The Williamstown Theatre Festival is a resident summer theater on the campus of Williams College in Williamstown, Massachusetts. It was founded in 1954 by Williams College news director Ralph Renzi and drama program chairman David C. Bryant. It was awarded a Tony Award in 2002 and the Massachusetts Cultural Council Commonwealth Award in 2011.

History

Inception 
The Williamstown Theatre Festival was conceived as a way to use the Adams Memorial Theatre on Williams College campus for a resident theatre company. Marcia Henderson, a Theatre World winner and Williamstown native, performed in the first play of the festival. Other notable actors have since participated in the festival, including Sigourney Weaver, Gwyneth Paltrow, Christopher Walken, Nathan Lane, Richard Chamberlain, Kate Burton, Olympia Dukakis, Paul Giamatti, Bradley Cooper, Calista Flockhart, Matthew Broderick, Jesse Tyler Ferguson, and Uma Thurman.

Nikos Psacharopoulus 
Nikos Psacharopoulos, a professor at Yale Drama School and a co-founder, became the executive artistic director and guided the company for over thirty years. Psacharopoulos made certain WTF would not be a typical summer stock theater by focusing on such international playwrights as Chekhov, George Bernard Shaw, Jean Anouilh, Tennessee Williams, Bertholt Brecht, and Tom Stoppard . He mentored his associates and assistant directors, such as Tom Brennan, Arvin Brown, Keith Fowler,  Peter H. Hunt, Paul Weidner, and Austin Pendleton.  He attracted well-known actors including E.G. Marshall, Frank Langella, Rosemary Harris, Blythe Danner, and Colleen Dewhurst. Christopher Reeve, once a WTF apprentice and later a frequently-featured actor at the festival, told an interviewer: "By staying here thirty years, Nikos [did] what they couldn't do in Brooklyn or Washington or at Lincoln Center. He has managed to achieve a national theater."

Recent (1989 - present) 
Psacharopoulos died in 1989. Following a 35th season run by a troika of Peter H. Hunt, Austin Pendleton and George Morfogen, In 1990, Hunt was named Artistic Director for the 36th season. In 1996, long-time WTF stage manager Michael Ritchie became the head of the festival, and during his eight years at the helm, nearly two dozen productions transferred to Broadway, Off-Broadway and regional theaters across the country. Ritchie was succeeded in 2005 by Roger Rees.

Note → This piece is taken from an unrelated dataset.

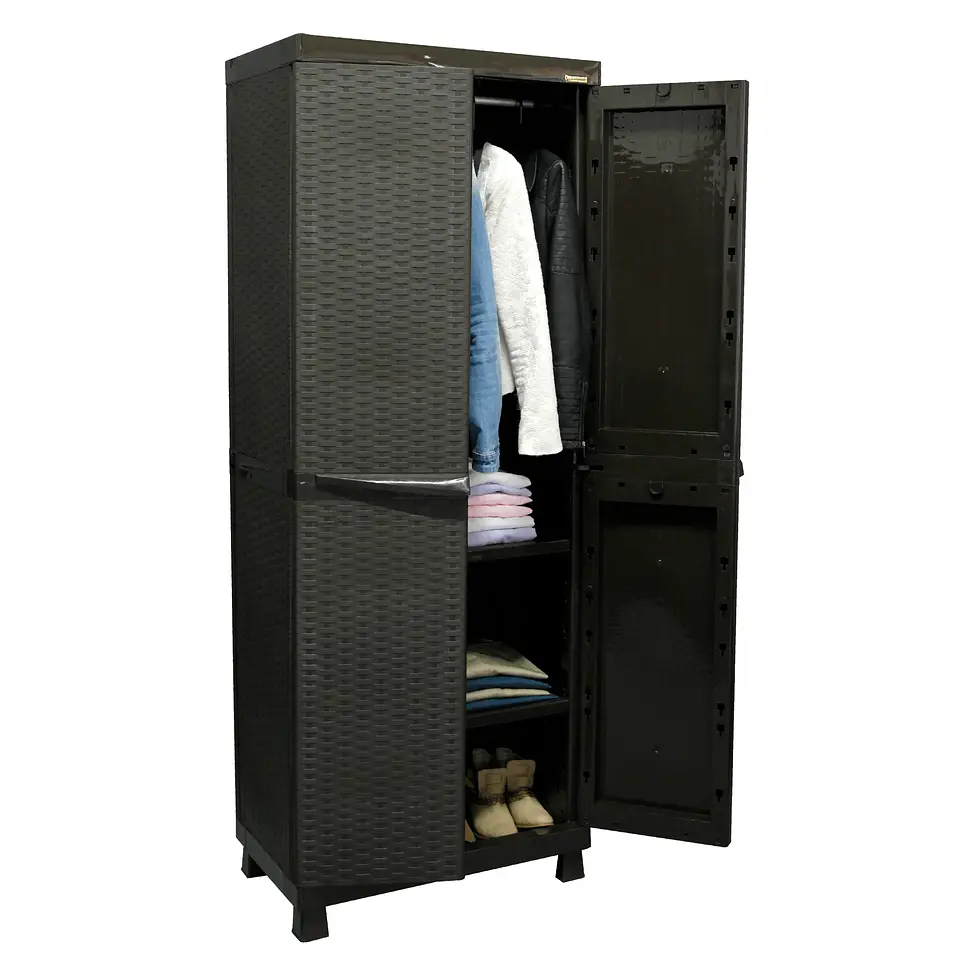 ARMARIO ROPA RATTAN 1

Former WTF resident director Nicholas Martin served as Artistic Director from 2008-2010. Former Associate Producer Jenny Gersten served as Artistic Director from 2011-2014. Mandy Greenfield served as Artistic Director from 2014-2021. Following Greenfield's resignation, Greenfield's predecessor Jenny Gersten was named Interim Artistic Director.
  
In 2002, the American Theater Wing awarded WTF America's highest theatrical honor, the Antoinette Perry Award for Excellence in Theater, the "Tony", as an especially distinguished regional theater. In 2005, the festival held its inaugural season in the '62 center for Theater and Dance, which replaced the Adams Memorial Theatre.

The festival transferred several successful shows to Broadway, including One Mo' Time, Hedda Gabler, The Man Who Had All the Luck, The Bridges of Madison County, and The Elephant Man.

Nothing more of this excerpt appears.